BEGIN

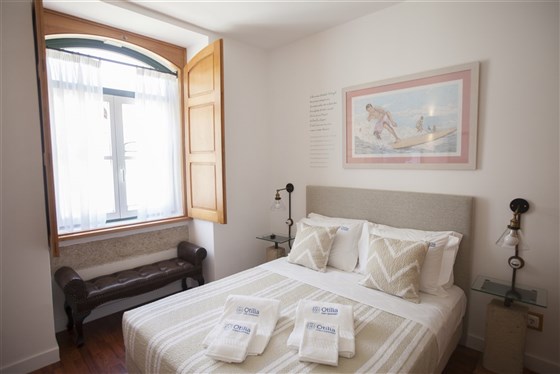 Quarto principal de um apartamento com vista para a rua Augusta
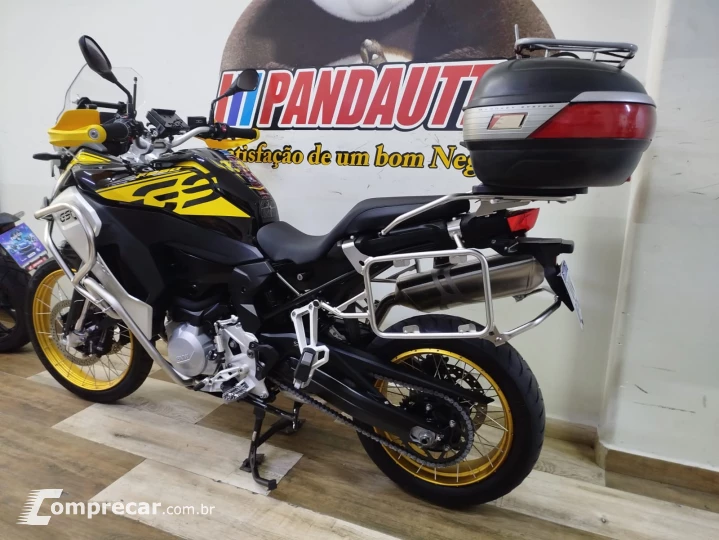 F 850 GS ADVENTURE 40 ANOS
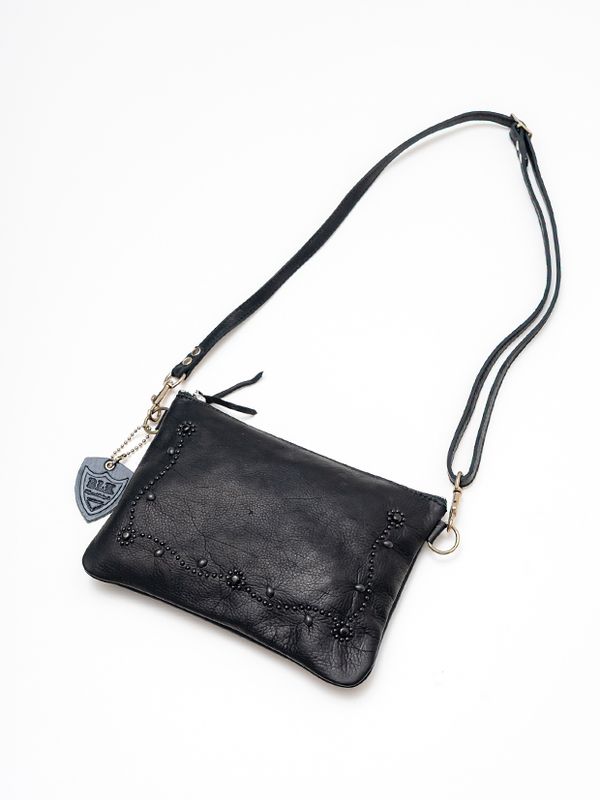 HTC BLACK LEATHER SACOCHE #SN33 STUDS / BLACK/BLACK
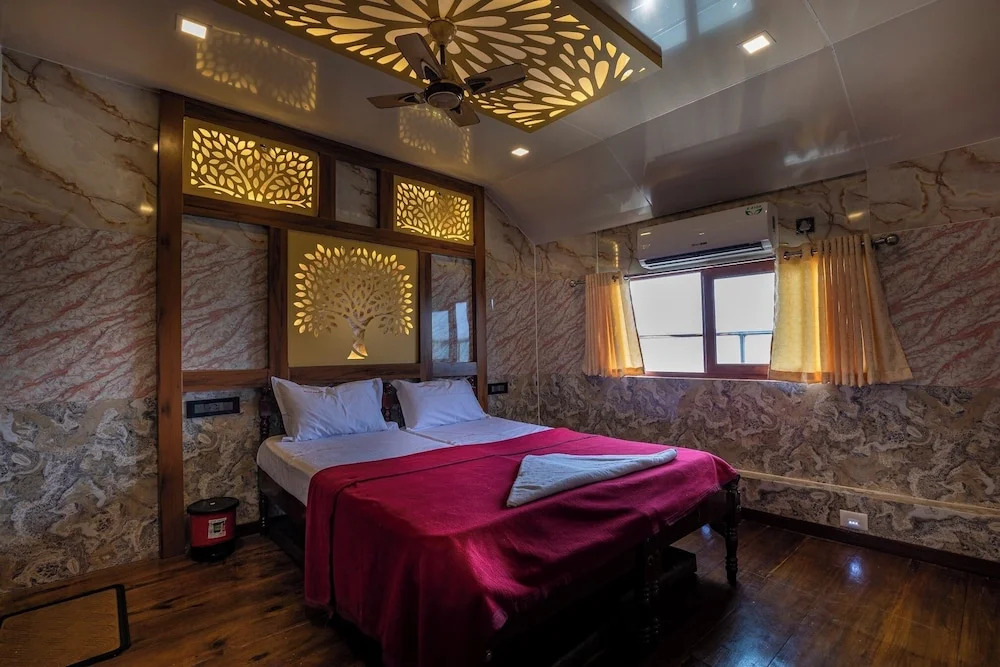 Coco HouseBoat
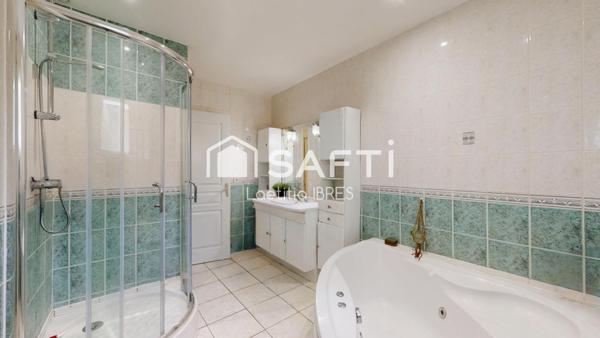 Maison d’exception avec piscine et jardin paysager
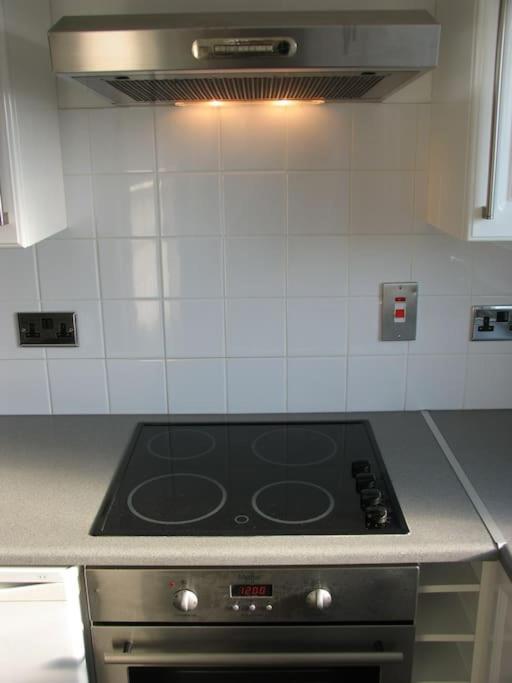 Modern Cosy Private Studio, Wifi, Ip-Tv, Must See Romford Ngoại thất bức ảnh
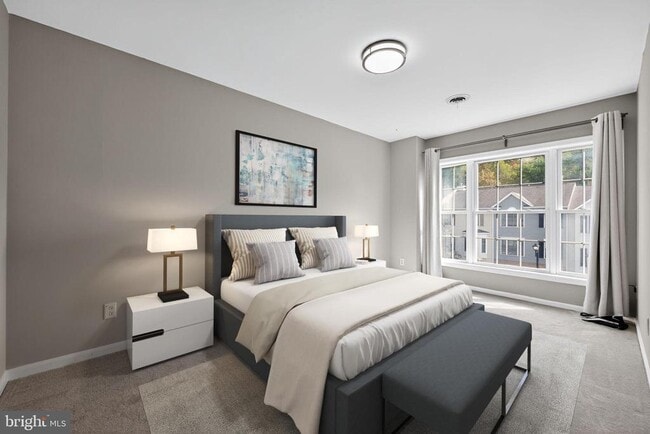 Building Photo - 100 Parker Ave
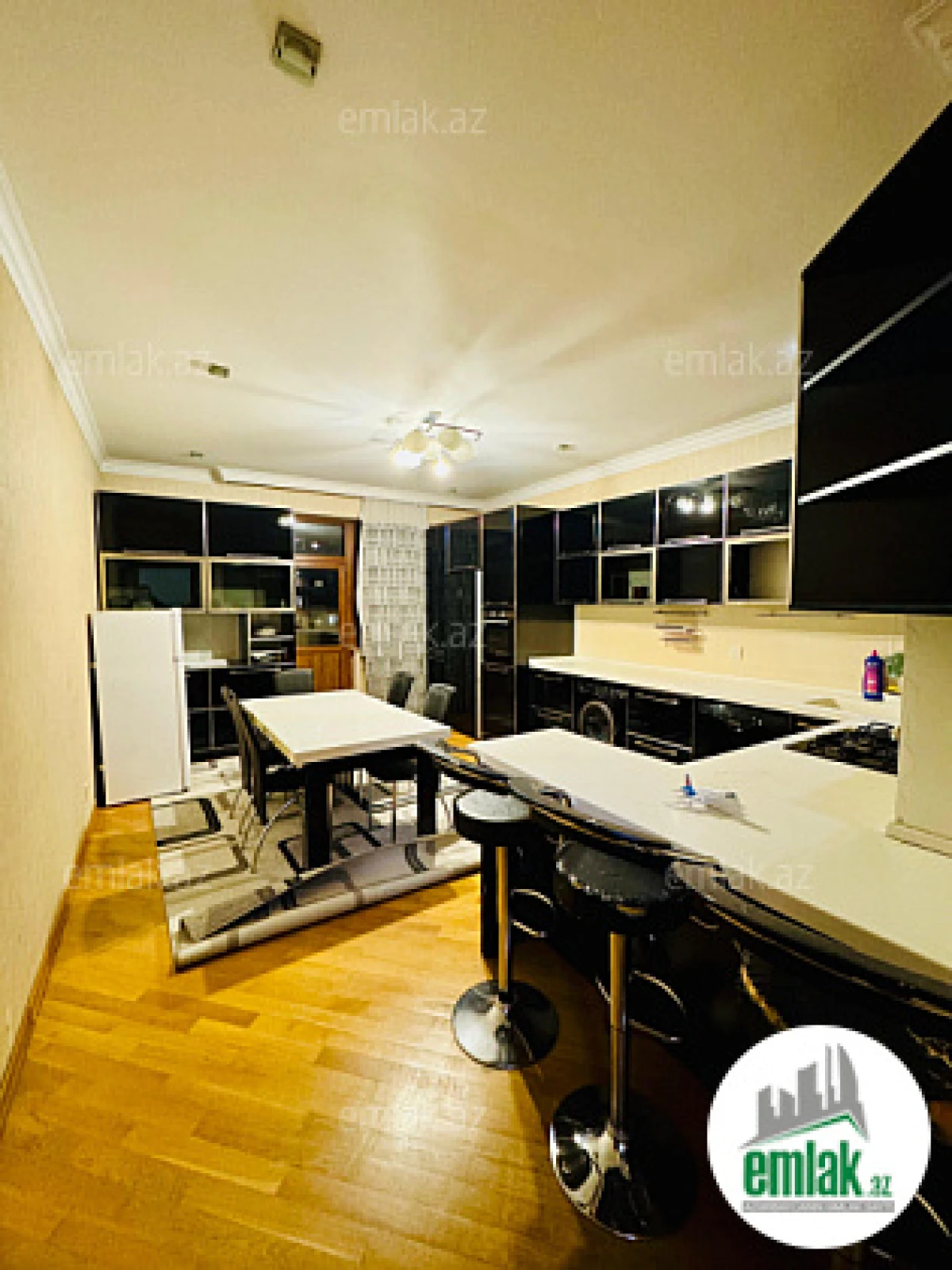 Satılır 3 otaqlı yeni tikili 175 m²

END

WHAT THE EXERCISE ASKS:
Look above and copy only the lines from the one holding "F 850 GS ADVENTURE 40 ANOS" to the one holding "Building Photo - 100 Parker Ave", both included, exactly, minus the pictures.

FINISHED EXERCISE:
 F 850 GS ADVENTURE 40 ANOS
 HTC BLACK LEATHER SACOCHE #SN33 STUDS / BLACK/BLACK
 Coco HouseBoat
 Maison d’exception avec piscine et jardin paysager
 Modern Cosy Private Studio, Wifi, Ip-Tv, Must See Romford Ngoại thất bức ảnh
 Building Photo - 100 Parker Ave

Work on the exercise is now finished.